The end of the school year is approaching; therefore, many parents around the country are debating the placement issue for the next school year. It’s a very important decision because if it’s not the appropriate placement, your child could either fall behind or will not be challenged enough. As concerned parents, we hope that we’ve made the correct decision for our child. The question is; did we have all the necessary information to make an informed decision?
Once again, time to go back to the beginning. Assessments are an essential component of updating a child’s present levels of performance. The first thing required in any Individualized Education Program (IEP) is “a statement of the child’s present levels of academic achievement and functional performance.” If you look closely at the language there are actually two parts that need to be analyzed, “academic achievement” and “functional performance”. Since neither of these terms are defined this created questions that were discussed in the Federal Register page 46662:
Comment: A few commenters stated that § 300.320(a)(1) requires an IEP to include a statement of the child’s present levels of academic achievement, and recommended that the regulations define ‘‘academic achievement.’’
Discussion: ‘‘Academic achievement’’ generally refers to a child’s performance in academic areas (e.g., reading or language arts, math, science, and history). We believe the definition could vary depending on a child’s circumstance or situation, and therefore, we do not believe a definition of ‘‘academic achievement’’ should be included in these regulations.

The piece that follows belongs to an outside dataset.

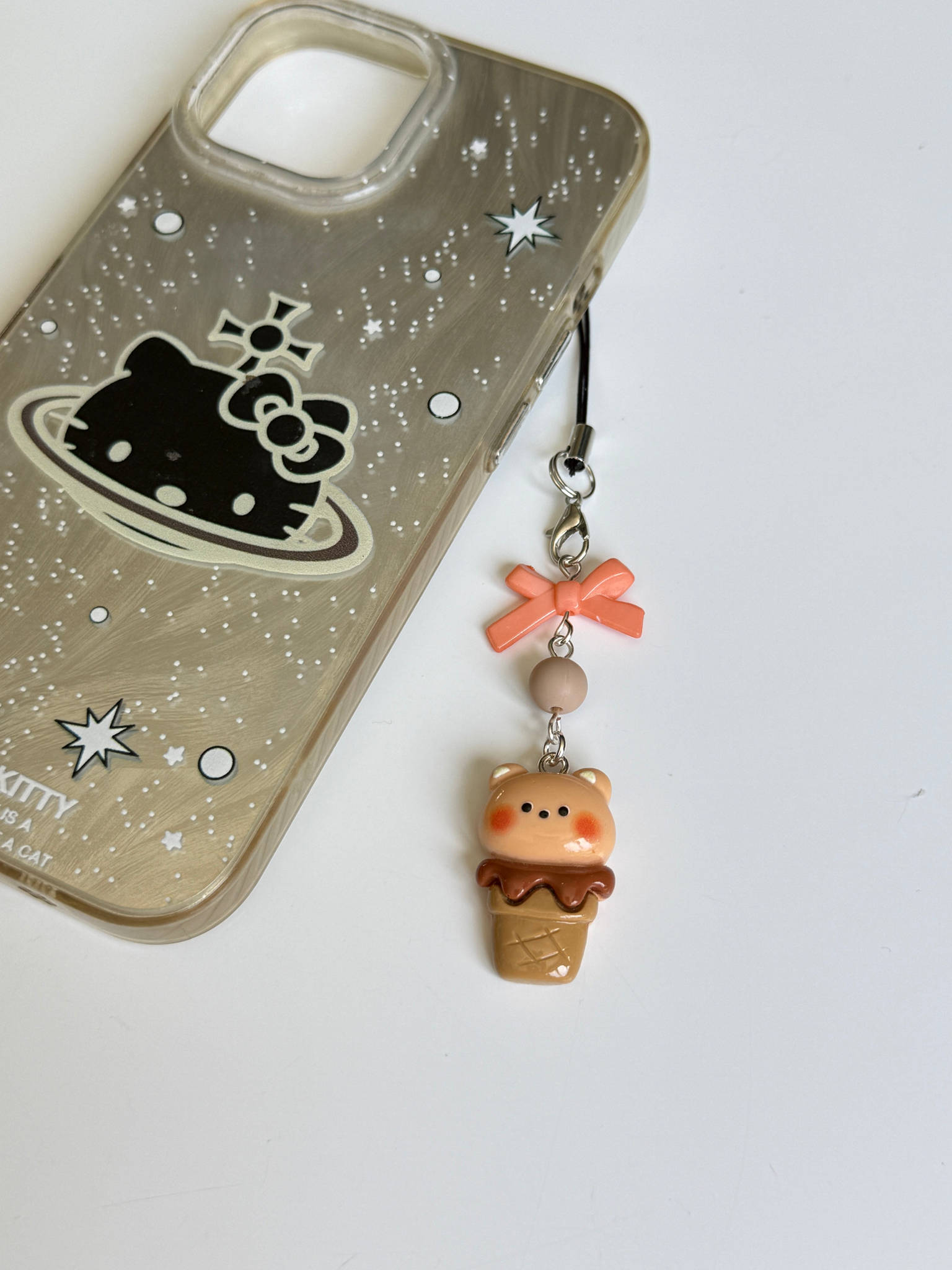 Handmade Cute Kawaii Snack Time bear Phone Charms Beadsbylillixx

Comment: Some commenters recommended that the regulations clarify that not every child requires a functional performance statement or functional annual goals. Some commenters stated that requiring functional assessments for all children places an unnecessary burden on an LEA, does not add value for every child, and creates a potential for increased litigation. One commenter recommended that § 300.320(a)(1), regarding the child’s present levels of performance, and § 300.320(a)(2), regarding measurable annual goals, clarify that functional performance and functional goals should be included in a child’s IEP only if determined appropriate by the child’s IEP Team.

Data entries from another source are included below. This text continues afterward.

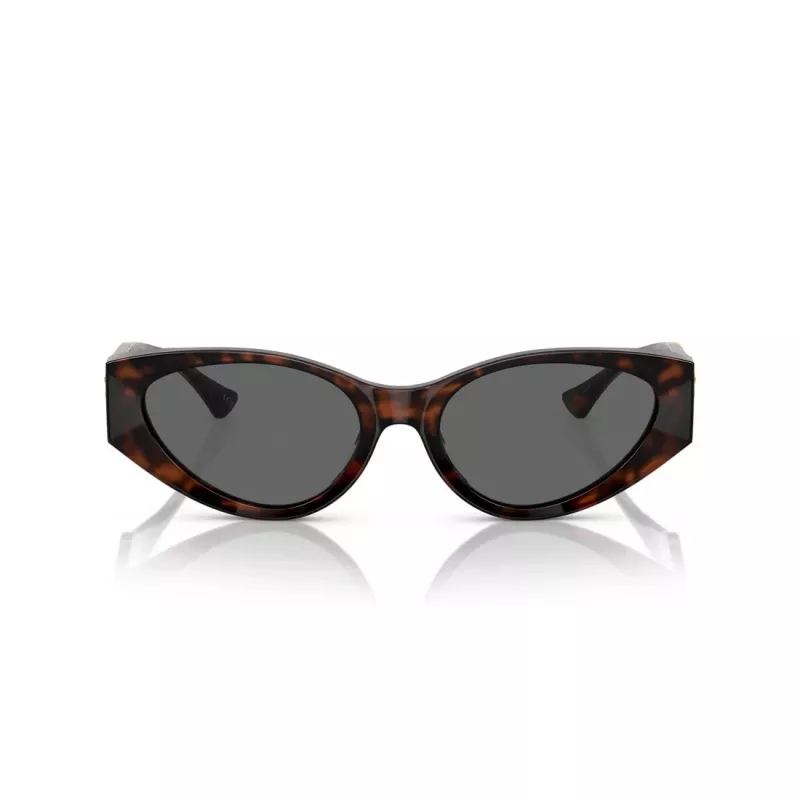 Versace VE4454-542987 naisten cat-eye-aurinkolasit, havanna/tummanharmaa, 55 mm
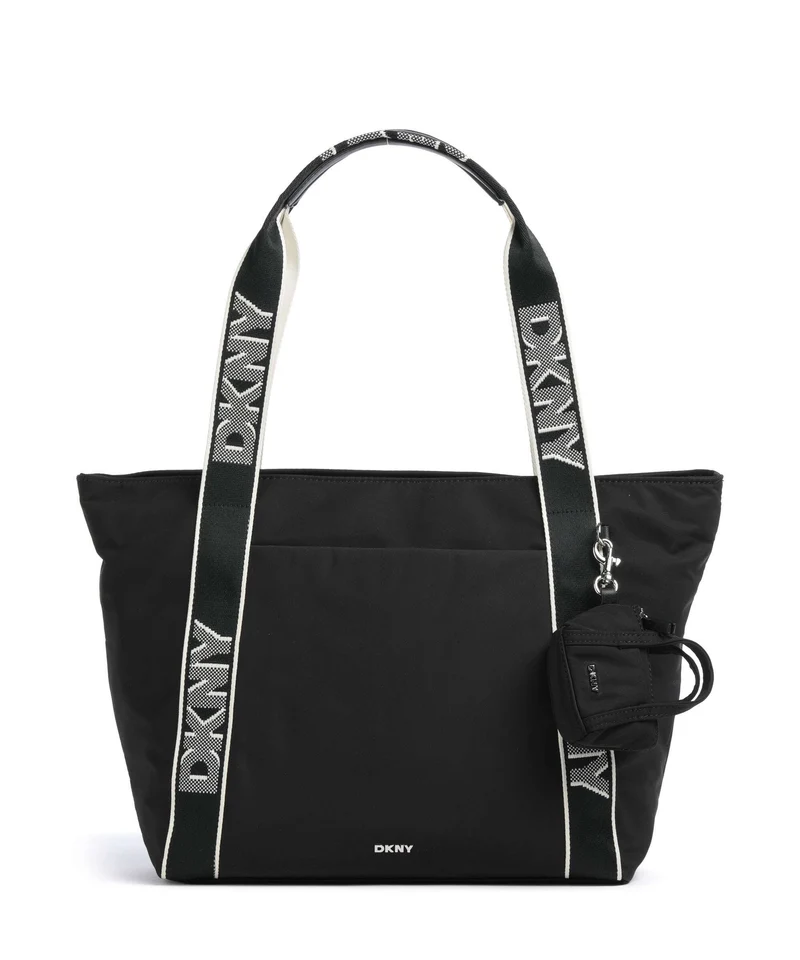 DKNY Lottie Large Bolsa shopping black/silver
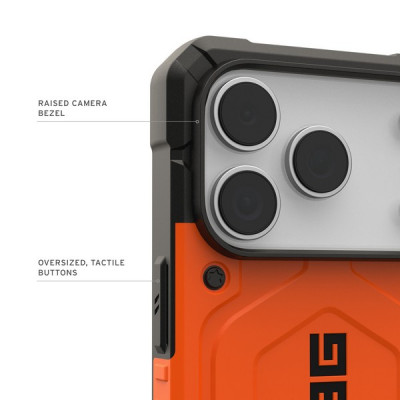 Чехол UAG Pathfinder Magfit для iPhone 17 Pro 6.3" (114548119797) Orange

Discussion: We cannot make the changes requested by the commenters. Section 614(d)(1)(A)(i)(I) of the Act requires an IEP to include a statement of the child’s present levels of academic achievement and functional performance.
As you can see without updating both parts of the present levels of performances and knowing a child’s strengths and weaknesses, it’s impossible to make an informed decision about the appropriate placement. If you make a decision about placement before you have current data on your child, you might place your child in an environment that’s either too quick or slow paced.

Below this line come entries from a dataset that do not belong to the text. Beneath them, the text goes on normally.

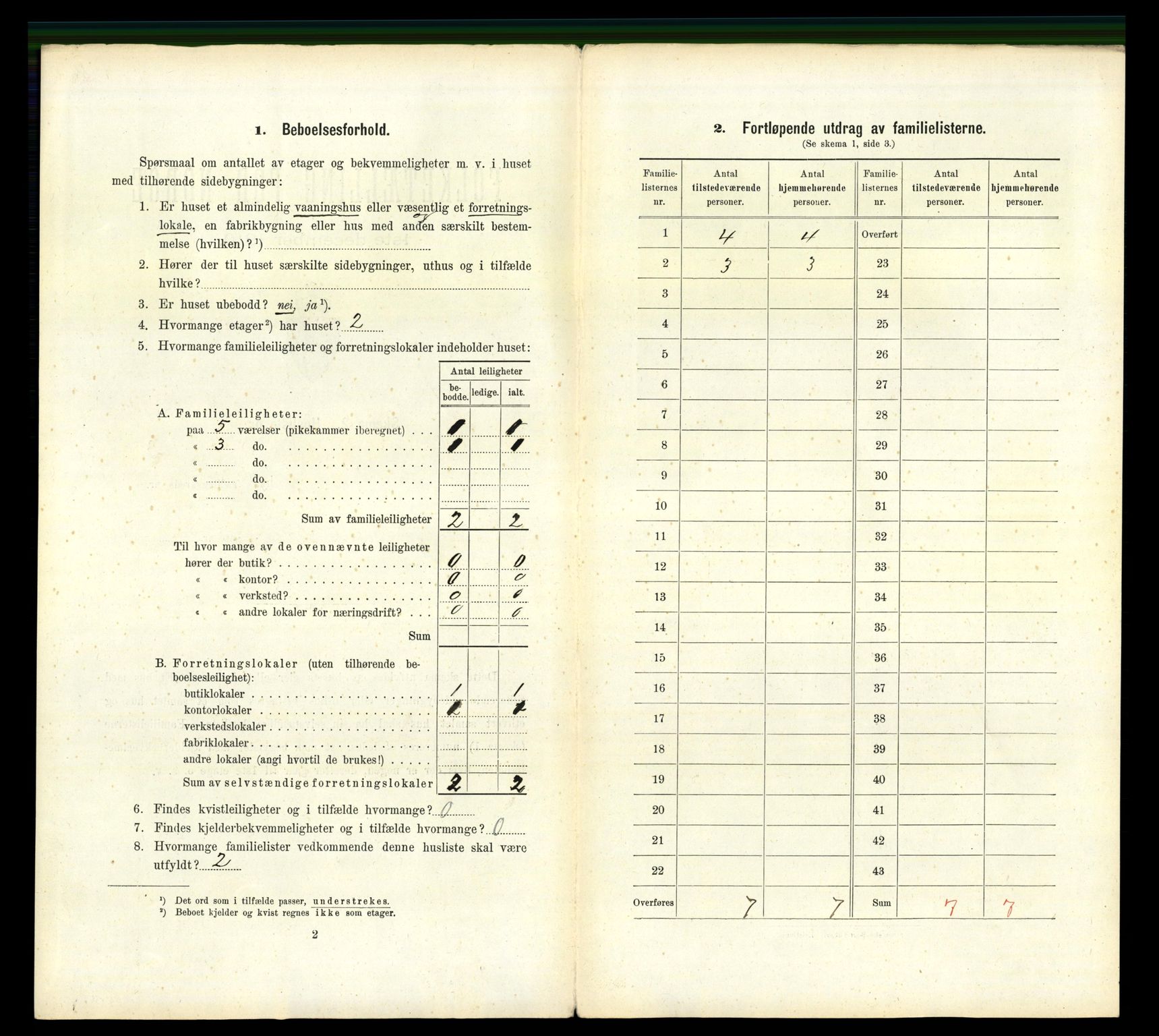 RA, 1910 census for Steinkjer, 1910, p. 685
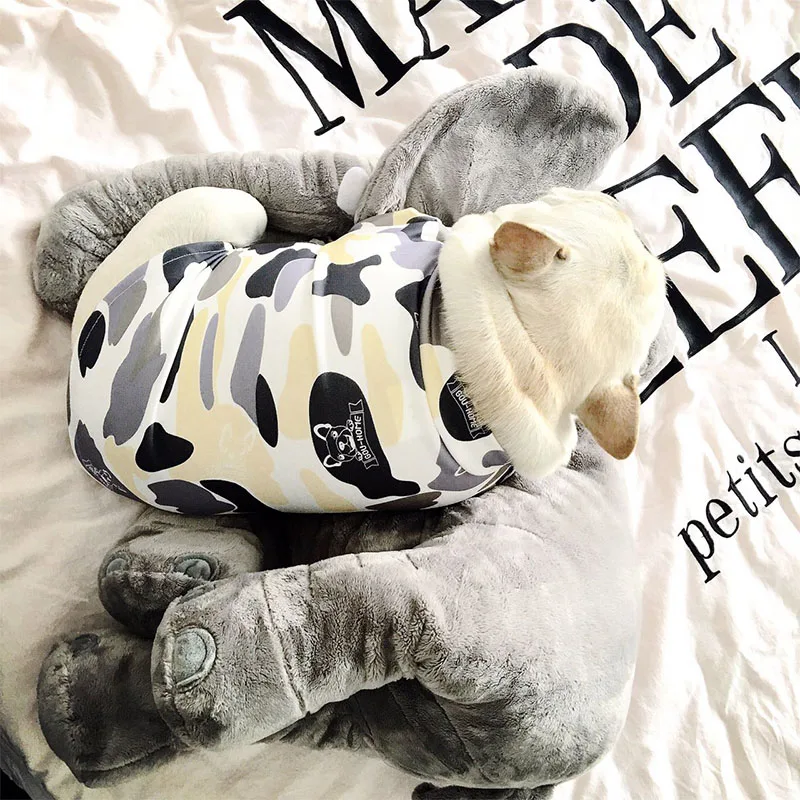 

Summer Pet Dog Clothes for Small Dogs Chihuahua Camo Cotton Cool Tshirt French Bulldog Sweater Pug Costume Ropa Para Perro XS-XL
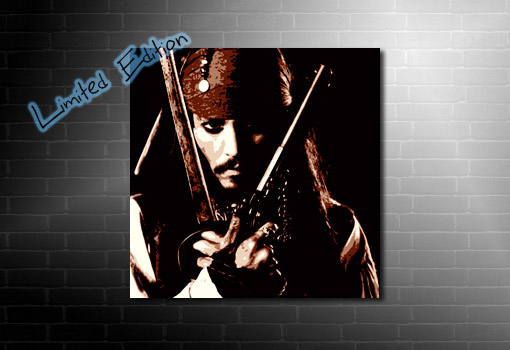 Johnny Depp Canvas wall art, johnny depp movie print, johnny depp art, johnny depp print, Johnny Depp Canvas Art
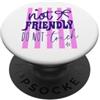 Introvert Vibes Co Non amichevole Non toccare l'umorismo introverso PopSockets PopGrip Adesivo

For example, if your child is currently in a Special Day Class and you would like to begin mainstreaming them next year. I would recommend updating your child’s psycho-educational assessment to base your decision on. I mention this because sometimes report cards can be deceiving and do not tell the complete picture regarding a child’s true strengths and weaknesses. If a child is mainstreamed before they are ready, they can experience stress and anxiety if they cannot keep up and fall behind.
The other side of the coin is when a child is placed in an environment that might be considered too low-functioning. When this occurs, the child is not receiving an education that will allow them to work to their full potential. Many children who have a disability such as Autism, ADHD or SLD, are mainstreamed.
Once again, I stress the need to make sure all the necessary assessments have been performed prior to making a decision about your child’s placement. You cannot have a productive IEP meeting with your school district about the appropriate placement for your child until you have all the facts to base your decision on. The key is to keep an open mind about placement until that time so that you can place your child in the appropriate learning environment.